Nemaska Lithium fights bankruptcy amid market glut

Nemaska’s Whabouchi lithium deposit in Quebec’s James Bay region, 300 km northwest of Chibougamau. (Credit: Nemaska Lithium)

Canada’s Nemaska Lithium (TSX: NMX) said on Monday it had filed for creditor protection, following several months of attempts to find new investors in order to continue operations.

The Montreal-based company’s move seeks to avoid becoming the latest victim of an oversupply of the metal needed in the batteries for electric cars and high tech devices, which has squeezed the market this year.

Nemaska said it had received approval to apply to the Superior Court of Quebec for creditor protection under the Companies’ Creditors Arrangement Act (CCAA) from its board of directors.

The company had been in talks with mine financier the Pallinghurst Group to secure a potential C$600 million equity investment, but no deal has been reached

While on CCAA, the firm anticipates to conduct a review of its operations and to seek approval from the courts for a formal investor solicitation process. Through the process, Nemaska aims to source additional financing, sell assets, enter a joint venture, or a combination of options.

The company had been in talks with mine financier the Pallinghurst Group,  the investment group led by former BHP boss Brian Gilbertson, to secure a potential C$600 million equity investment but has yet to announce a deal.

The miner’s shares, on which trade has been suspended, have dropped steadily since announcing plans last month to place its Whabouchi project in Quebec on care and maintenance.

Initially estimated to cost $ 1.1 billion, the company bumped up the total investment needed for the project to $ 1.5 billion in October.  

As proposed, Whabouchi contemplates an open-pit and underground mine, north-northwest of the municipality of Chibougamau, as well as a processing plant in Shawinigan.

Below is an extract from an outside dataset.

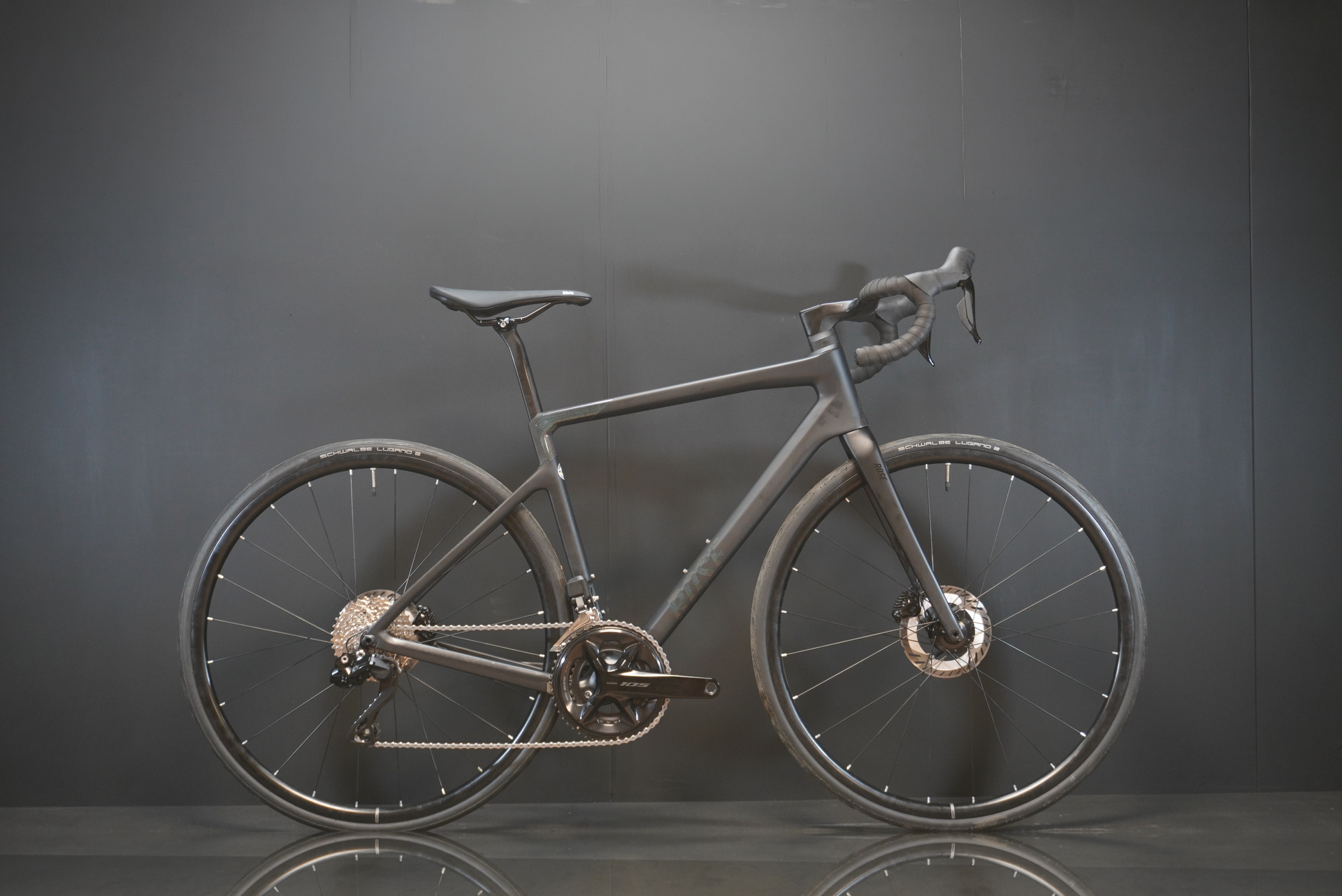 Rose Reveal Six 105 Di2 Carbon Disc Road Bike 2023 - 53cm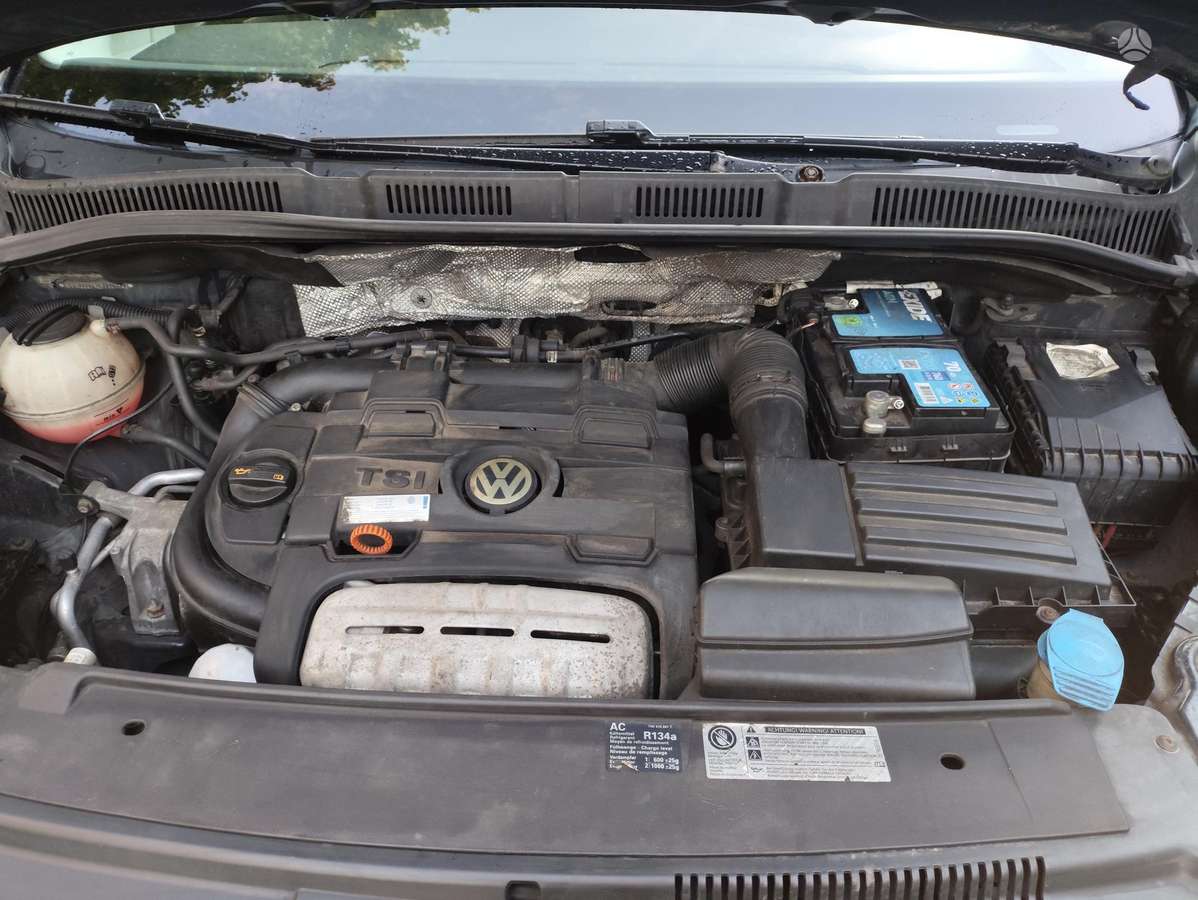 Volkswagen Sharan 2010 — interior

The mine would have a production capacity of approximately 3,000 tonnes per day over an estimated mine life of 26 years.

Prices for lithium carbonate, the most common type used in EV batteries, doubled over 2016 and 2017. Since then, they have fallen by more than 40% to around $9.5 per kilo compared to the $18 per kilo mark they hit in May last year, according to S&P Global Platts.

The main factor behind the price slump is the avalanche of new supply that has hit the market over the past year, triggered mainly by mine expansions and a cut in government subsidies for purchasers of electric vehicles in China.

Nemaska Lithium goes bankrupt, victim of market oversupply
Wave of lithium supply coming online. (Source: BMO Capital Markets.)

Albemarle (NYSE: ALB), the world’s No. 1 lithium miner, noted in November that prices were down by about a third on last year and that the industry has two or three times more inventory than needed.

Trying to offset the glut, the company postponed in August plans to add about 125,000 tonnes of processing capacity. It also revised a deal to buy into Australia’s Mineral Resources’ (ASX: MIN) Wodgina lithium mine and said it would delay building 75,000 tonnes of processing capacity at Kemerton, also in Australia.

Nemaska Lithium goes bankrupt, victim of market oversupply

Chile’s Chemical and Mining Society (SQM), the world’s second-largest lithium producer, has also done its part, pushing back a key expansion at its Atacama salt flat operations from the end of 2020 to late 2021.

The Santiago-based lithium giant said in November that profit had fallen almost 28% in the three months to Sept. 30.